The news today is that Kodak is preparing to file for bankruptcy and there can’t be a photographer of my generation who doesn’t feel an incredulous shudder at the prospect. It was an iconic company, and its products (especially Kodachrome) attained near-mythical status. (I mean to say, how many other commercial products have inspired a Paul Simon song?) Business school students will see the company’s demise as an illustration of Clayton Christensen’s idea of the Innovator’s Dilemma. Stranger still is the discovery that Kodak was a pioneer in the digital photography field (it built the first digital camera in 1975), and indeed its only current prospect of escaping bankruptcy seems to rely on selling its portfolio of patents, some of the most valuable of which are in digital imagery.

My hunch is that because the film-retailing and chemical processing sides of the business were so profitable and successful, those involved in that carried most weight in the company, and the engineers working on digital simply couldn’t persuade senior management to pay attention to a technology that would eventually cannibalise that core business. In a way, the same thing happened with the music industry when MP3 and the Net came along.

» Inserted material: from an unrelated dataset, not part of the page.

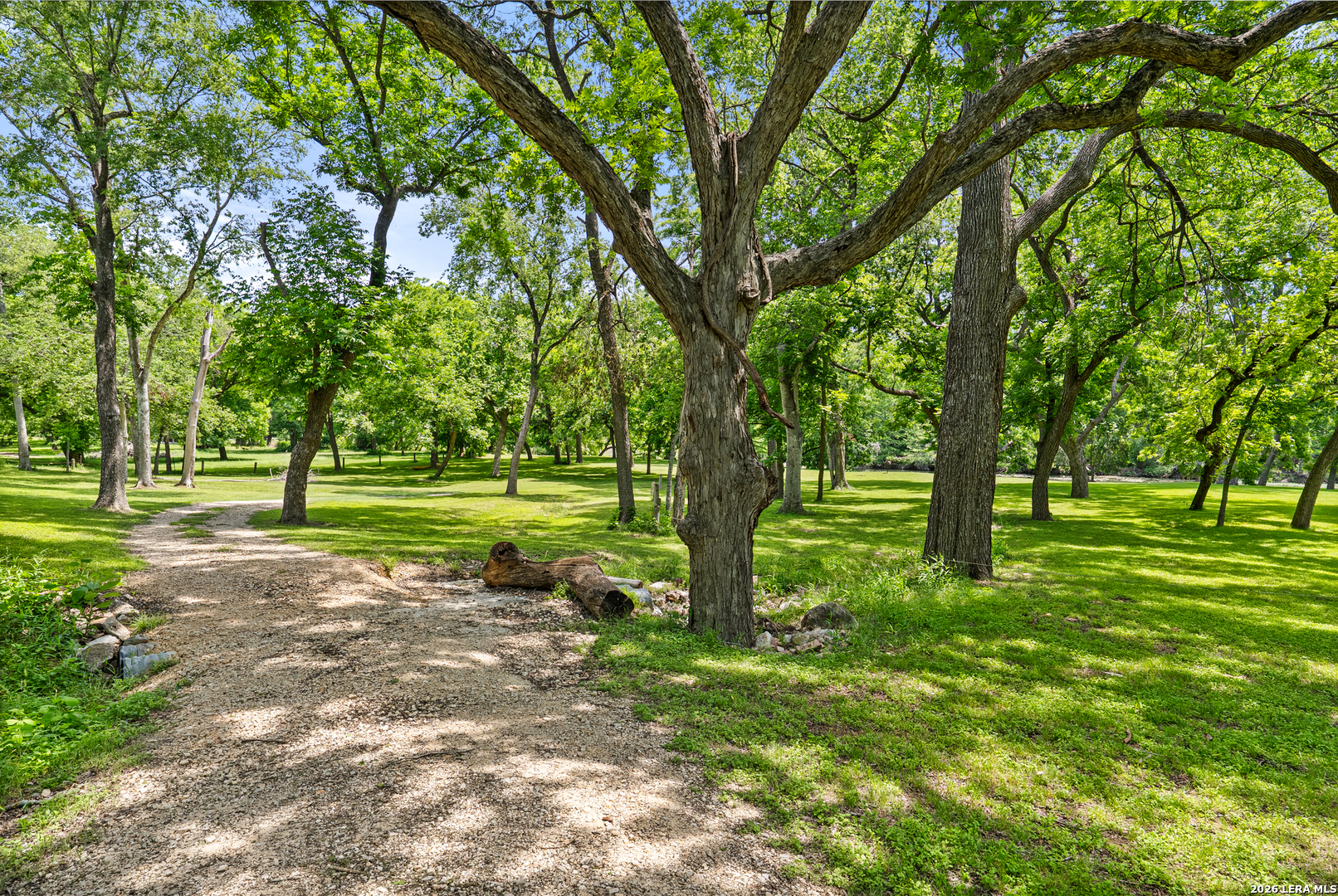 1242 Ervendberg Ave - Lot 2 New Braunfels TX 78130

Today also brought news that Eve Arnold has died at the great age of 99. It sent me to Magnum (of which she was the first female member) to look again at their carousel of her most famous images. (The BBC also had a slideshow which includes the lovely picture of her sitting crosslegged on the ground shooting with a Leica.) The Guardian had a lovely piece by the film-maker Beeban Kidron, who became Arnold’s assistant at the age of 16.

“From Eve”, she writes,

“I learned: how to pack a suitcase – with a dress you could wear to a palace and shoes to run a marathon if required; how to look at pictures – for metaphor, form and truth; how to work – until it was done; how to be kind to your fellow artist – judge the endeavour not the result; and how to be a friend – through thick and thin; and how to laugh – uproariously and often.

I haven’t worked for Eve for more than 30 years – that privilege resides with Linni, her long-term colleague and assistant. But she became my adviser and friend. And when my son was very sick shortly after he was born, she did the one thing she knew how to do – she took his photograph – breaking her own rule of no baby pictures. It is one of those pictures, along side one of her with Marilyn, that adorn my office wall. “

The photograph shows the last roll of Kodak film that I possess.